*** RECORD EXCERPTS ***

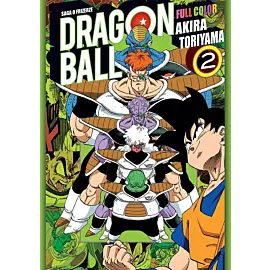 Dragon Ball - Full Color Saga 04 - tom 02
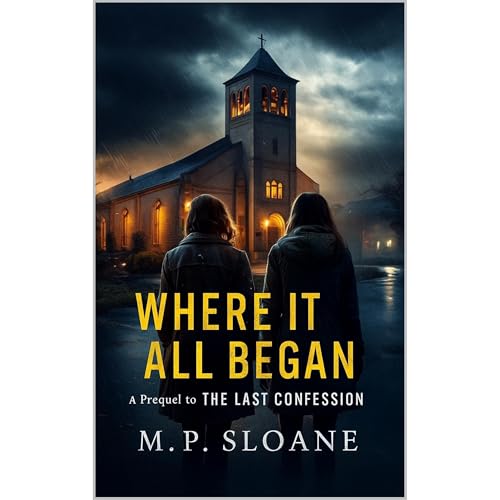 Prequel-The Last Confession Audiobook By M.P. Sloane cover art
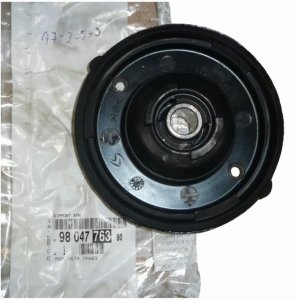 Support d'amortisseur 9804776380 Citroën Berlingo III Original Neuf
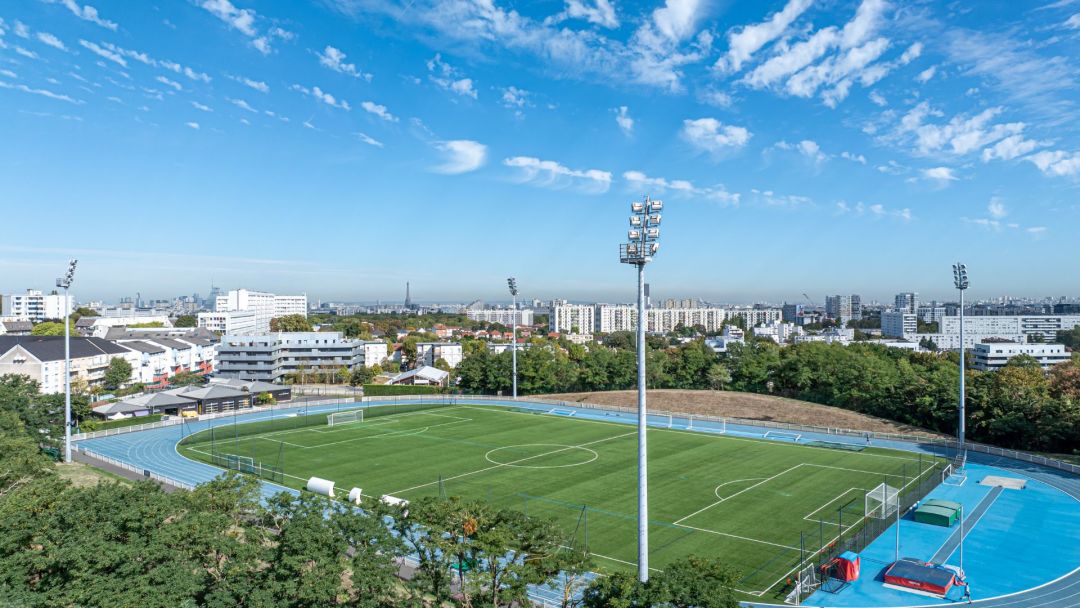 Programme immobilier Upside à Bagneux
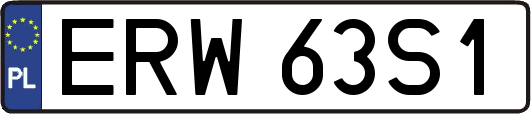 ERW63S1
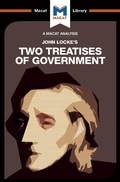 Cover: An Analysis of John Locke's Two Treatises of Government - Routledge
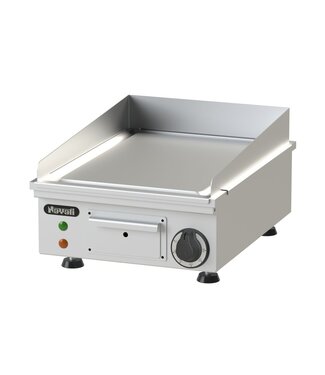 Nayati Tafelmodel teppanyaki bakplaat | elektra 3,15kW | (H)18,8x(B)37,5x(D)50cm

***

Write out exactly, please, the lines that start at the one containing "Programme immobilier Upside à Bagneux" and run through the final line of the entries, both included, leaving pictures out.

 Programme immobilier Upside à Bagneux
 ERW63S1
 Cover: An Analysis of John Locke's Two Treatises of Government - Routledge
 Nayati Tafelmodel teppanyaki bakplaat | elektra 3,15kW | (H)18,8x(B)37,5x(D)50cm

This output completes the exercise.